Microstory 1755: A Man Named Monoceros

Yes, Monoceros is my real name. Yes, it’s—more or less—the same as a unicorn, which is why that’s my twin sister’s name. No, my parents were not on drugs when they had us. No, I’ve never thought about changing it, and neither has my sister. It’s not even the most interesting thing about us, but it is related. Something went wrong while we were developing in the womb, which made both of us come out with slight protrusions on our heads, reminiscent of a one-horned animal. This protrusion lessened in my sister over time, which is kind of a ripoff, because hers is already a pretty name that people don’t make fun of very much. Mine is still here. In fact, I would say it’s larger, but my parents disagree, and say that my whole head is obviously just larger than it was when I was a baby. I’ve tried to wear an afro to cover it up, but that doesn’t look great on me, and kids would just make fun of that instead. The teasing and bullying got to be so bad that we left the area completely. The same people who gave us these unusual names actually packed everything up, and moved us across state lines just so I could start over with a new strategy. I can’t figure them out either. Perhaps they secretly regret giving us such insensitive names, and have since tried to become better people. This time, they spoke with the principal before the start of my sophomore year, and told her what my situation was. Not only did she have the advantage of being able to get ahead of the bullying before it ever happened, she proved herself to be kinder, and better equipped to handle someone like me. My sister was a little in love with her because of how good she was to me, but don’t worry. This isn’t a sad or disturbing story. I might even call it uplifting.

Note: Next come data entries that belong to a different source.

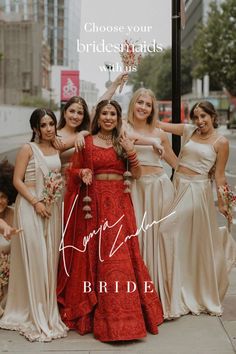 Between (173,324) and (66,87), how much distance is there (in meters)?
2.21

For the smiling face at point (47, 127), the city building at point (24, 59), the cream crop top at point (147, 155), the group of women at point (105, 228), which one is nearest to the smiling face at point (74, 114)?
the group of women at point (105, 228)

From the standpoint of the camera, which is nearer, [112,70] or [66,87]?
[112,70]

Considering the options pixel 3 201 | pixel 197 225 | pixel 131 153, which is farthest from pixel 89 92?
pixel 197 225

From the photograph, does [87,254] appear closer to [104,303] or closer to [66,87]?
[104,303]

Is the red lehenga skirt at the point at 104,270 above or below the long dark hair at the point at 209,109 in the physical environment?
below

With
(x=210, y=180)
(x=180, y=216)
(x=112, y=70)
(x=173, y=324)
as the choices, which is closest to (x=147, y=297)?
(x=173, y=324)

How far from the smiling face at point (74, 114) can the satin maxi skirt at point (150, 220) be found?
0.71 metres

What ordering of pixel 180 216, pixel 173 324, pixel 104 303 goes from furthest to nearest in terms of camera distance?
pixel 180 216 → pixel 173 324 → pixel 104 303

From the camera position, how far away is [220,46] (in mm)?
35531

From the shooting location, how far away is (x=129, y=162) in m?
4.37

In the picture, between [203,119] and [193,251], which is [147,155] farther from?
[193,251]

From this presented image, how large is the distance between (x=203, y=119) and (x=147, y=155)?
57 centimetres

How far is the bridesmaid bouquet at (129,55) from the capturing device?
15.1ft

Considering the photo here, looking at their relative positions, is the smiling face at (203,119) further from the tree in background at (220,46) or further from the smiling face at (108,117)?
the tree in background at (220,46) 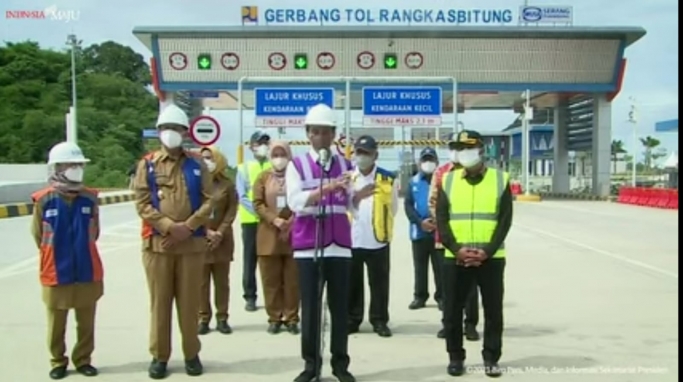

So what did I do to keep anyone from finding out what my head looked like? I wore a hat, and I claimed it was for religious purposes. My sister wore a variation of the same design to sell the lie. All of the faculty and staff were told this as well so that only the principal knew the whole truth. People get really skittish about religion, so they didn’t question me. Occasionally, a substitute teacher would take their opportunity to yell at me for it, but there was always at least one student in the class who defended me, and called them a bigot. That usually shut them down right quick. Even with those heroes, the kids at my new high school were generally about as mean to each other as they are anywhere. Some of them teased me anyway, because my name was still Monoceros, but a lot of them thought it sounded badass, so it evened out. One girl in particular said she liked it. On my first day, before everyone had learned about my fake religious hat, she called out a group of boys who were mocking me. She didn’t know anything about me, but she instantly showed compassion, and I think I fell in love in that very moment. She was so popular, but for all the right reasons, because she was nice, so people left me alone if they were worried about displeasing her. I know, this story sounds familiar. The awkward kid falls for the hottest girl in school, and they end up together, because they end up having a lot in common. Well, that’s not what happened. We went out on what turned out to be a platonic date, and I professed my feelings. She let me down easy, and told me that she just wanted to be friends. As you can see, we’ve stayed close all these years, and I wouldn’t have it any other way. She’s married now, and so am I. She was the one who convinced me to take off my hat forever, and be confident in myself—to be confident as myself. So what about you? How do you two know each other?